Perth-based energy and networks giant SSE plc said on Tuesday it is “progressing options for divestment of all its equity stake” in Scotland Gas Networks (SGN) as part of its plan to focus on renewable generation.
SSE had said in February it appointed banks to review options for a possible divestment of all or part of its roughly 33% stake stake in SGN — formerly Scotia Gas Networks.
Bloomberg reported that SGN is valued at £2.1 billion, citing Barclays Bank data.
SSE also published a trading update saying it “now expects the impact of coronavirus on adjusted operating profit to be around £180m for the full year, compared to the previously forecast £150m – £250m range.”
Separately, the Competition and Markets Authority (CMA) said it has dismissed an appeal brought by SSE against Ofgem’s decisions “to accept code modifications on charges to generators for the electricity transmission system.”
The CMA said: “SSE has lost its appeal to the CMA against Ofgem decisions to approve proposals to modify industry charging rules.
“The appeal related to changes to the calculation of charges paid by electricity generators, including SSE, for use of the electricity transmission system.”
SSE finance director Gregor Alexander said: “It has been a uniquely challenging year for us all, but, thanks to strong operational performance and delivery against our net-zero strategy throughout 2020/21, we are on course to meet our financial objectives for the year.
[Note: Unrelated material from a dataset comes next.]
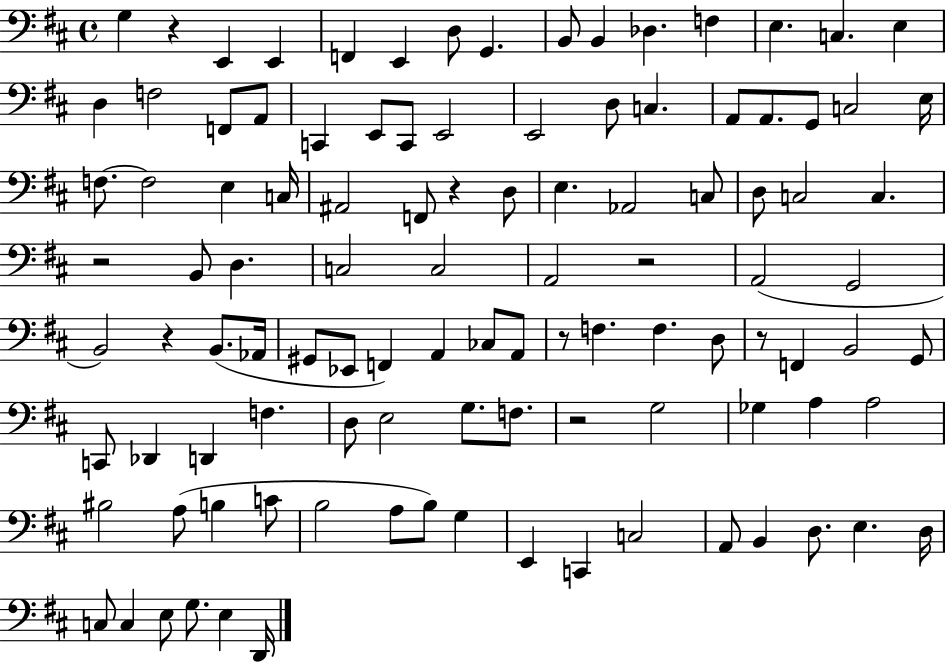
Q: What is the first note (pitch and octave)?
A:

“We are making good progress in renewables with our flagship projects on track and we are also generating further growth options internationally to complement our enviable pipeline, which had its value underlined in the recent seabed auction process.
“We are also seeing encouraging progress in the Government’s process for carbon capture and storage projects, where we have options at Peterhead and Keadby.”